The goal of the clinical development phases of a trial—Phase I through Phase IIIa—is to submit a request for approval for a treatment to a regulatory agency. The goal of technology during this process is to provide tools to the researchers that make the process more efficient, less manual, less time-consuming and more insightful.
The initial steps of planning and setting up the clinical study are critical to its commercial success, as are the relationships the research team has with its investigative sites and, where relevant, the contract research organization to which it outsources research functions. Medidata Grants Manager® and Medidata CRO Contractor® utilize constantly updated data from negotiated contracts to provide researchers the benchmarking data they need to optimize their relationships with key third parties.
Medidata Designer® brings the significant benefits of electronic management to the protocol authoring stage, and its benefits can help throughout the other downstream processes of an eClinical trial, such as the EDC and analysis systems.

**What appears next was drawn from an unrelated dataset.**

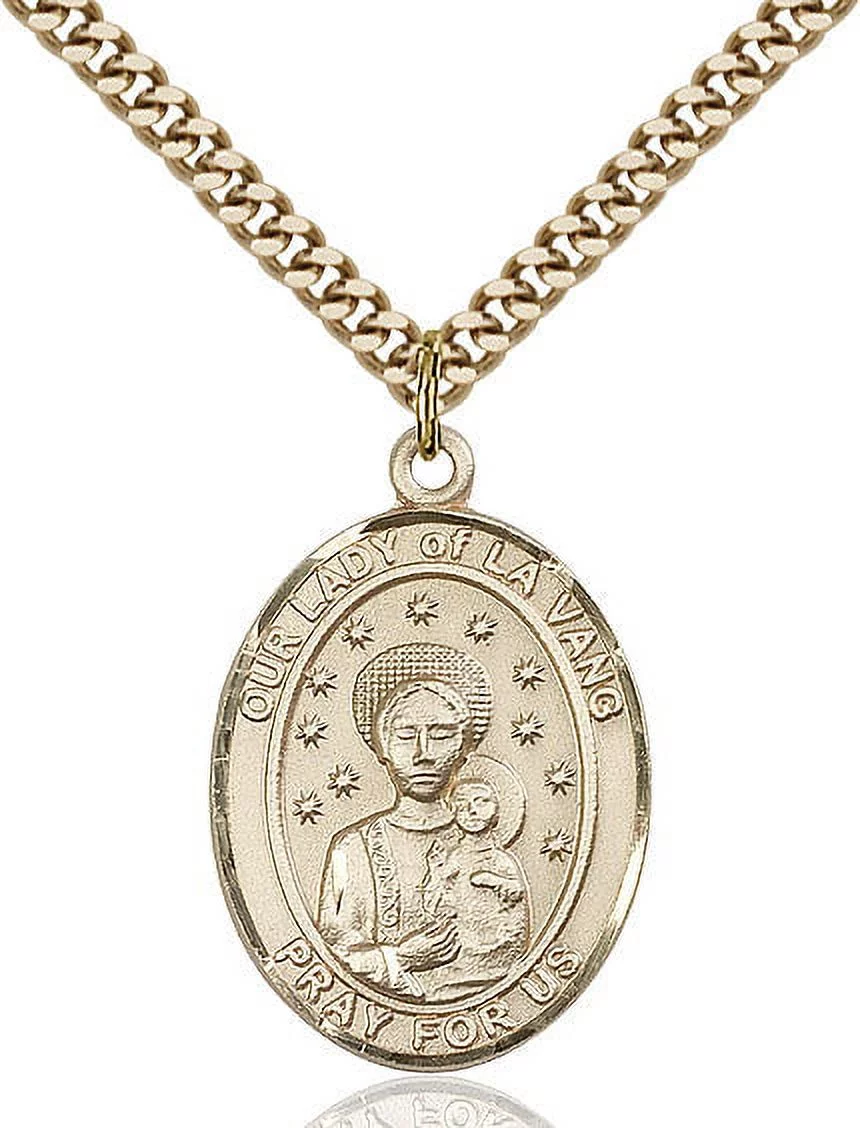 Extel Large Oval 14kt Gold Filled Our Lady of la Vang Pendant with 24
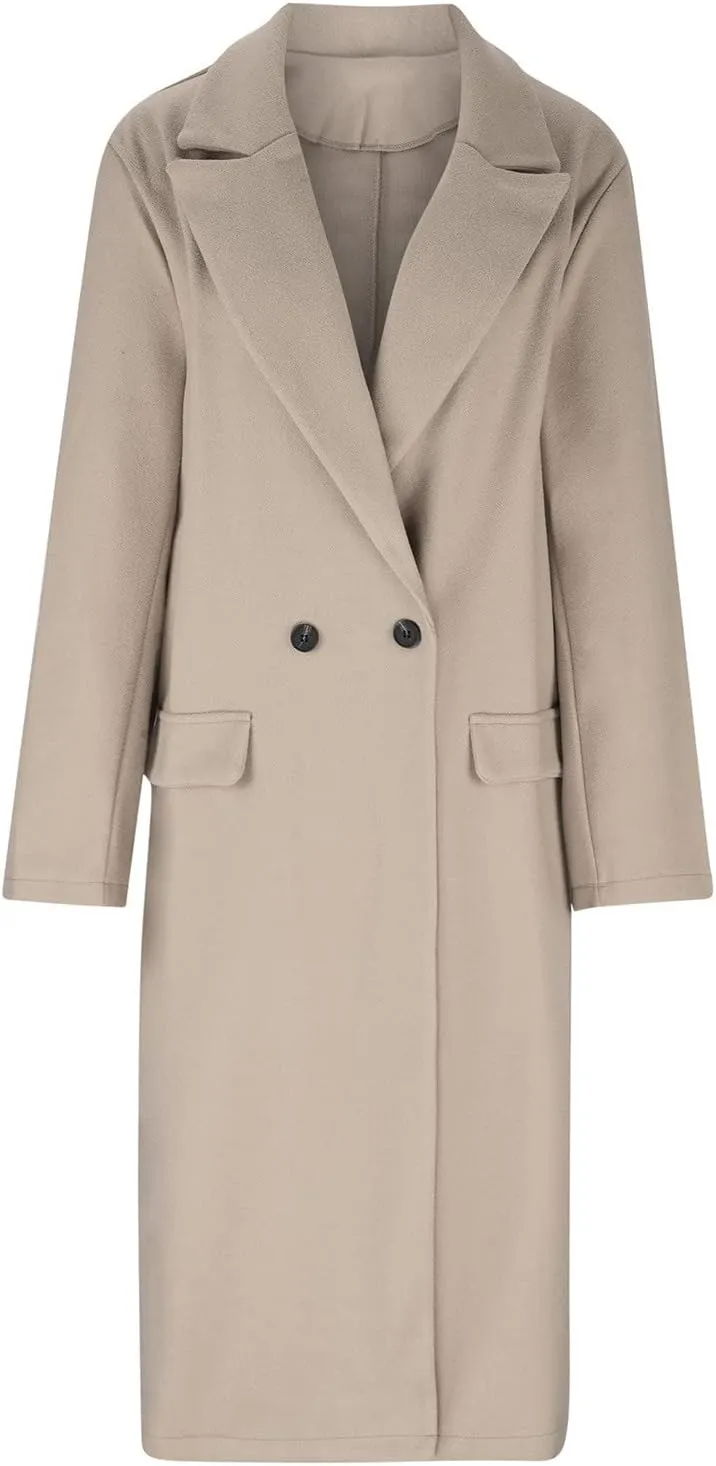 tuduoms Women's Double Breasted Duster Trench Coat Slim Mid-length Maxi Long Overcoat Elegant Solid Color Wool Blend Pea Coat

Automating clinical trial data collection through an EDC system has now become standard practice with most large pharmaceutical companies, having proven its worth in time and cost savings, and is increasingly being evaluated in small and mid size companies. Industry-leading Medidata Rave® provides a platform of robust functionality for these processes, as well as data management that produces significant efficiencies throughout the process, speeding access to clean, reliable clinical data through facilitating the preparation of documents for the regulatory submission. With all studies in a single database, Rave requires less set-up and configuration time for multiple studies and studies in subsequent phases, reducing start-up and study build time.